I. It’s Complicated: The Implications of a Federal Land Transfer

In some ways, a federal transfer of land is more complicated than one might expect. Though less well known than H.B. 148, H.B. 142 passed in 2013 and is in many ways the more meaningful step toward Utah getting control of land in its borders. After the initial excitement of H.B. 148, H.B. 142 authorized a study and economic analysis of what would actually be involved in a mass federal land transfer.  Conducted by teams of researchers associated with the University of Utah and Utah State University, this study aims to get the nuts-and-bolts information that Utah would need to be prepared to more than double its land holdings. The results of this study are due to be presented to Utah legislators this November so while the results aren’t in yet, work to date indicates the scope of what will be involved.
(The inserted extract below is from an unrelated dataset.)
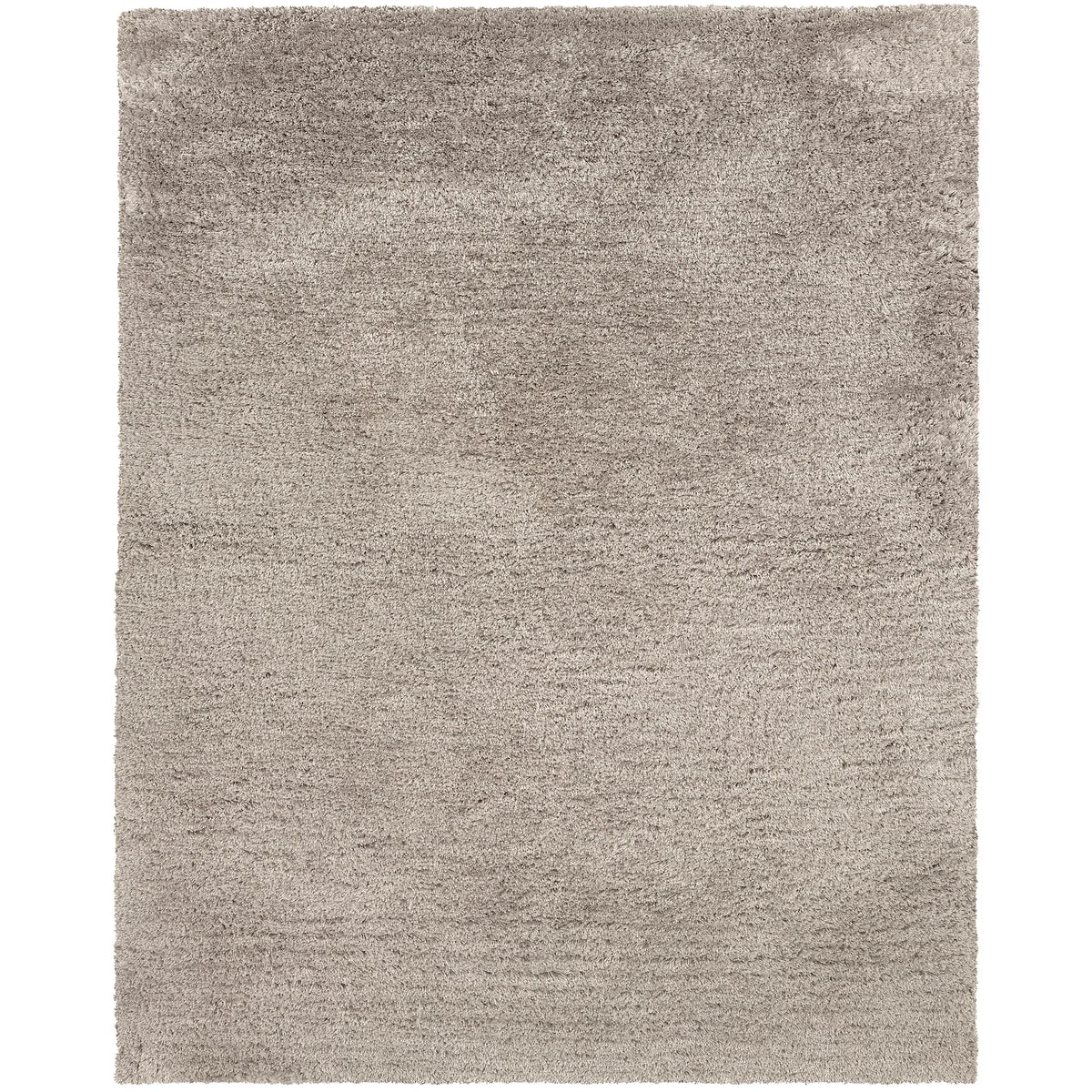 Oriental Weavers Sphinx Cosmo 81109 Beige / Beige Rugs - main flat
The first issue is simply inventorying federal land in Utah, all 35,033,603 acres of it. The amount of land involved is so vast that just getting a grip on where it is and what each area’s unique potential uses are (development, preservation, recreation, grazing, timber, mineral extraction, oil and gas, solar, and wind) is quite an undertaking.
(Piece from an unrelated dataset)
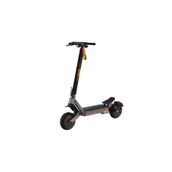 Onvo Mx-02 1600W Elektrikli Scooter / MX2026 Serisi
The next issue is identifying current interests associated with each area and developing a way to account for and manage those interests during and after a transfer. Much of this land is already subject to oil, gas, mining, grazing, and timber leases or rights which would contractually need to be honored or otherwise addressed. Other areas are already used for recreational purposes which would need to be accounted for.

Then there’s the matter of money. There are currently several revenue sharing schemes in place for money generated from public lands. Essentially, in recognition that federal ownership of lands necessarily deprives Utah of the ability to generate tax revenue from that land, the federal government has developed several programs which share portions of the proceeds from grazing and timber leases and shares them with local governments.  Any transfer plan needs to account for how money will be shared and how localities will adjust after the transfer.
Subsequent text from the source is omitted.